Le chantier qui nous a guidé depuis le début, c’est la réappropriation de l’espace. Au fur et à mesure que l’ancien monde s’écroulait, il y avait des centaines de mètres carrés à récupérer et à transformer pour l’usage dont les gens avaient besoin.

Dans les espaces intérieurs, il fallait surtout loger des gens mais aussi créer des espaces de vie, des espaces conviviaux où on pourrait se retrouver, danser, etc. Au début ça se faisait assez naturellement, on écoutait les gens et on faisait en sorte que tout le monde soit satisfait. La démocratie s’est d’abord s’écouter et respecter la liberté de chacun.

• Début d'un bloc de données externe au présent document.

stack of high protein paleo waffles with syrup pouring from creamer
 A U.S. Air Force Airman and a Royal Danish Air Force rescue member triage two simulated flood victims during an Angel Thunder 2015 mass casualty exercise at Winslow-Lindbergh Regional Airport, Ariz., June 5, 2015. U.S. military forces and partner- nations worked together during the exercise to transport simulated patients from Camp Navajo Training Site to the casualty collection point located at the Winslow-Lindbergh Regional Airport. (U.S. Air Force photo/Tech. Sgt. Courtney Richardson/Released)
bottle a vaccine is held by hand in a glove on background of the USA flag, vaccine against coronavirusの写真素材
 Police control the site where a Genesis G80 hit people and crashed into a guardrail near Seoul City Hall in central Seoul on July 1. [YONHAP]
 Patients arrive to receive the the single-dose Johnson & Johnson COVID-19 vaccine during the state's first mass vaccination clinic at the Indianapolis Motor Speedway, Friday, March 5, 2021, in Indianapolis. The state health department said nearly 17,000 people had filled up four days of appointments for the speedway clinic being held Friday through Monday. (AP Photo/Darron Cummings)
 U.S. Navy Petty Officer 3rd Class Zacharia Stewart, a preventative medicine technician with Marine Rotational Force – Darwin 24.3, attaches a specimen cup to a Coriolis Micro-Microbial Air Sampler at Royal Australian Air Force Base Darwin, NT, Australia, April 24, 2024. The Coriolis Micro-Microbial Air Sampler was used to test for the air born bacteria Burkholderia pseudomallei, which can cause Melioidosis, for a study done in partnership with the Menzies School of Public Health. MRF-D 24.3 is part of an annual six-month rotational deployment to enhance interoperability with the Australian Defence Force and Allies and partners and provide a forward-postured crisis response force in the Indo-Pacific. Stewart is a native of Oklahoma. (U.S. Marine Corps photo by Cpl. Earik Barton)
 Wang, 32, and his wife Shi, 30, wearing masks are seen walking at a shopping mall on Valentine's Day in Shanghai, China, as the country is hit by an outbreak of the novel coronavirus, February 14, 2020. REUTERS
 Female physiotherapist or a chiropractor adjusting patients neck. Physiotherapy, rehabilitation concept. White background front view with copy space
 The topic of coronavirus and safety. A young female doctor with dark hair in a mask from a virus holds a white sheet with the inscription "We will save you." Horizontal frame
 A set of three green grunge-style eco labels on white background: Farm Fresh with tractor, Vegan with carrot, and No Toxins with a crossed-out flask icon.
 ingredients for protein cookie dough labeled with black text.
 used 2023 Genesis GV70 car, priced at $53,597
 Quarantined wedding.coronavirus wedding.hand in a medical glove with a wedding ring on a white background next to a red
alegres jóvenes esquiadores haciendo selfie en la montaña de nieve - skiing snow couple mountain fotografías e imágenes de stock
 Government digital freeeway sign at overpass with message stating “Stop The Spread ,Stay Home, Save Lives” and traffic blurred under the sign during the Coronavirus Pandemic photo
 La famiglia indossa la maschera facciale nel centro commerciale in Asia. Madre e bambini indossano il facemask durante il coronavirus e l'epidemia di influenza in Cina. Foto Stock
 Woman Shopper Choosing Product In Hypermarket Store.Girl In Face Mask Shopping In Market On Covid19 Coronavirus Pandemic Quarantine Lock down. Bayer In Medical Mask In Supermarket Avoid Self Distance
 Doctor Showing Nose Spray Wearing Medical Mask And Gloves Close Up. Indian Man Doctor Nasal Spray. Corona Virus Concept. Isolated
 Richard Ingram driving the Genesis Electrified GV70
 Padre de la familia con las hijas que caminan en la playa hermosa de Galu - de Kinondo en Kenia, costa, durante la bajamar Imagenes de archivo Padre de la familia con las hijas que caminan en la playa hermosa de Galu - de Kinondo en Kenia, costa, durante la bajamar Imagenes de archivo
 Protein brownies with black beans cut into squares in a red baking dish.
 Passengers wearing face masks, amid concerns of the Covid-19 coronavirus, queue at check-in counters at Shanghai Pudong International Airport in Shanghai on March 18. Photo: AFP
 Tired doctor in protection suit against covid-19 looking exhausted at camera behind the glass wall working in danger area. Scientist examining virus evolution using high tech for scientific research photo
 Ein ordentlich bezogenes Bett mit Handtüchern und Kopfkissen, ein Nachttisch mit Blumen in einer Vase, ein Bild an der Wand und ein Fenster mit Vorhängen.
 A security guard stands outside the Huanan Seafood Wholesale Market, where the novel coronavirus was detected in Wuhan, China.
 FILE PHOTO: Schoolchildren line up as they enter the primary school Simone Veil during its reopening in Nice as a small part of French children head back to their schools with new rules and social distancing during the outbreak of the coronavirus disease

Mais on a aussi voulu être plus ambitieux, et c’est la où la gouvernance démocratique a un rôle vital. Un jour on a eu l’idée de transformer l’ancien centre commercial en une mini ville avec ses ruelles, ses places, ses cafés, etc. On s’est retrouvé tous urbanistes. On a commencé à faire un plan et pendant tout un mois chacun pouvait noter ses idées et dessiner ce qui leur faisait envie.

Bon bref, je vais arrêter de radoter mes histoires. Voici ce que je voudrais vous dire, vous qui allez participer à l’avenir de ce quartier : n’oubliez jamais que c’est un écosystème, et un écosystème c’est un être vivant. Dans cet être vivant vous n’êtes ni écrasé ni perdu. Vous êtes à votre place, et votre place est vitale pour le bon fonctionnement de cet être vivant qu’on appelle société.